# [INSTRUCTIONS TO FOLLOW]
In the records below, begin at the line containing "Estraòdinè Grace Sove pou yon rezon" and end at the line containing "University Physics with"; quote every line in that span exactly, including both boundary lines, and no others.

# [DATA EXCERPTS]
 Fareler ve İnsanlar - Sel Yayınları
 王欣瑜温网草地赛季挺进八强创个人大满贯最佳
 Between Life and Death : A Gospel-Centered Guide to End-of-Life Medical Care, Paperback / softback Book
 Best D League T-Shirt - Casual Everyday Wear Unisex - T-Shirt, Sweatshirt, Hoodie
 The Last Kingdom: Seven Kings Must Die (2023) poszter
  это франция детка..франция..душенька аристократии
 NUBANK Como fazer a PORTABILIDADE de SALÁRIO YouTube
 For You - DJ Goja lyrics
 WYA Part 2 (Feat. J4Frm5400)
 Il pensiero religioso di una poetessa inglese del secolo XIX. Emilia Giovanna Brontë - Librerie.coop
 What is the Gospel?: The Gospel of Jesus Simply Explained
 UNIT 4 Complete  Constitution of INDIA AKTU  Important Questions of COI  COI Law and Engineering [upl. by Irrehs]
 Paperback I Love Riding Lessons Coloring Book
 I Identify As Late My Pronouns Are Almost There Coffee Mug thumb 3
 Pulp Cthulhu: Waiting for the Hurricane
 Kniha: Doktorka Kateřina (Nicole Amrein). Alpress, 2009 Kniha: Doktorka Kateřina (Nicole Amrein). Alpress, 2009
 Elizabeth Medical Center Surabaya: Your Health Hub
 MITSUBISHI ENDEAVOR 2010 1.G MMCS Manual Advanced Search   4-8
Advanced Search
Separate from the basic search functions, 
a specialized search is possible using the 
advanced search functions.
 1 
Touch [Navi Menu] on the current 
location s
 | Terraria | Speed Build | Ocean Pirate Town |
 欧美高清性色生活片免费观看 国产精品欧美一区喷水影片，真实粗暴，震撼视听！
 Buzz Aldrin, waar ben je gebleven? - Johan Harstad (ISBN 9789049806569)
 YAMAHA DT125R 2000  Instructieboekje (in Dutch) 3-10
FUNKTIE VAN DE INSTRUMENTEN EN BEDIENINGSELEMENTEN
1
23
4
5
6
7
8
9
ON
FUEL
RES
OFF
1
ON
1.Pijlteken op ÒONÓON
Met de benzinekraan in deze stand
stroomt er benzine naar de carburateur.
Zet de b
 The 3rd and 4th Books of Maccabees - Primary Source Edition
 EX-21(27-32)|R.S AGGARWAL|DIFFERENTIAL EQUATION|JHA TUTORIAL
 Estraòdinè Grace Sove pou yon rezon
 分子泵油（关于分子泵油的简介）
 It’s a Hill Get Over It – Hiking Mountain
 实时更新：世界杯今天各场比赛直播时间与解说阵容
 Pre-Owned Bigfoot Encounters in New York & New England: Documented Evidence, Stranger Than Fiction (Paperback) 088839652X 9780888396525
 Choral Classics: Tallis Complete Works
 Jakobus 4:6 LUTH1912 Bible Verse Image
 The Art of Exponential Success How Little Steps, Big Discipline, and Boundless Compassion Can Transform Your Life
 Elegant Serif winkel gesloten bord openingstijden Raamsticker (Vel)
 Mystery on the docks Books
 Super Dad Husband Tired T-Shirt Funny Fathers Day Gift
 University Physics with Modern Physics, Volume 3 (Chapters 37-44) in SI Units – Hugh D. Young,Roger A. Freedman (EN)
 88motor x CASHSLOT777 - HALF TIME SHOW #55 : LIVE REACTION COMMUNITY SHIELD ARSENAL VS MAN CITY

# [YOUR RESPONSE]
 Estraòdinè Grace Sove pou yon rezon
 分子泵油（关于分子泵油的简介）
 It’s a Hill Get Over It – Hiking Mountain
 实时更新：世界杯今天各场比赛直播时间与解说阵容
 Pre-Owned Bigfoot Encounters in New York & New England: Documented Evidence, Stranger Than Fiction (Paperback) 088839652X 9780888396525
 Choral Classics: Tallis Complete Works
 Jakobus 4:6 LUTH1912 Bible Verse Image
 The Art of Exponential Success How Little Steps, Big Discipline, and Boundless Compassion Can Transform Your Life
 Elegant Serif winkel gesloten bord openingstijden Raamsticker (Vel)
 Mystery on the docks Books
 Super Dad Husband Tired T-Shirt Funny Fathers Day Gift
 University Physics with Modern Physics, Volume 3 (Chapters 37-44) in SI Units – Hugh D. Young,Roger A. Freedman (EN)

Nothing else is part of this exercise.